Just wondering; does the learning rate decay in the train_text_to_image.py
script? I’m resuming from a checkpoint quite a long way into training (360k steps) and I’m still seeing learning_rate=0.0001
in the progress indicator.
I always assumed that was just showing the initial learning rate, but is it supposed to reflect the actual learning rate at the current step (or epoch)? I’m only wondering because improvement in my outputs is extremely slow. I expected it to be slow, but it seems almost conspicuously slow, and if the learning rate isn’t decreasing (and is generally too high) that might explain it… it’s potentially bouncing around the minima.
The launch process does indicate: “All scheduler states loaded successfully”, so I’m assuming it’s resuming correctly from my checkpoint.
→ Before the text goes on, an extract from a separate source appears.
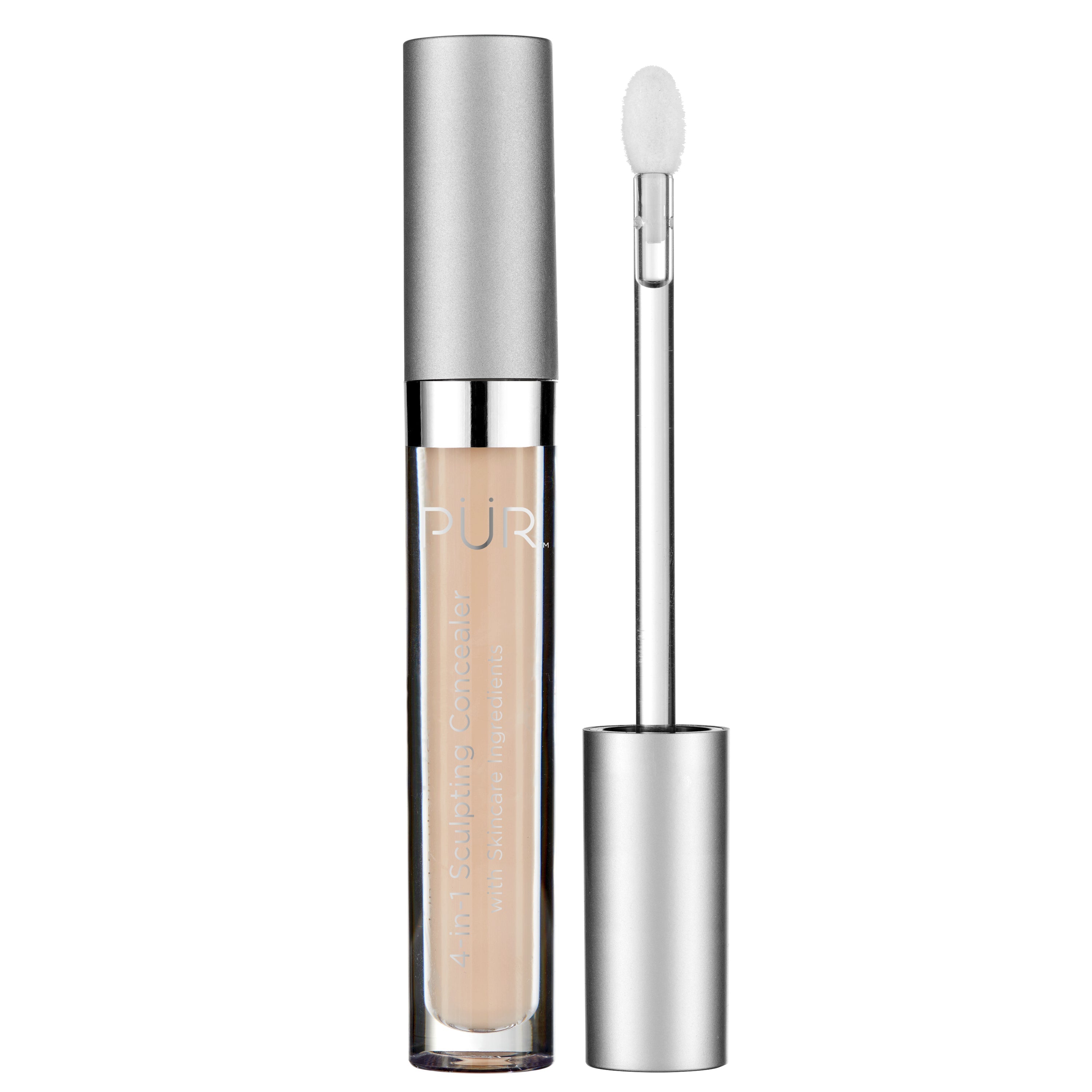 4-in-1 Sculpting Concealer with Skincare Ingredients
I’ve just started another run, for another 20 epochs, and added --learning_rate=1e-6
to my command, but the progress still indicates:
Steps: 5%|â–Ť | 11397/244100 [22:26<72:12:34, 1.12s/it, lr=0.0001, step_loss=0.0744]
Any clarification appreciated.
UPDATE: Digging in a bit more, comet_ml
is showing the learning rate as 1e-6
, which is what I set… so who’s right? It does also show lr_scheduler
as “constant”, which surprised me. Does diffusion use a constant learning rate? Is that the best approach?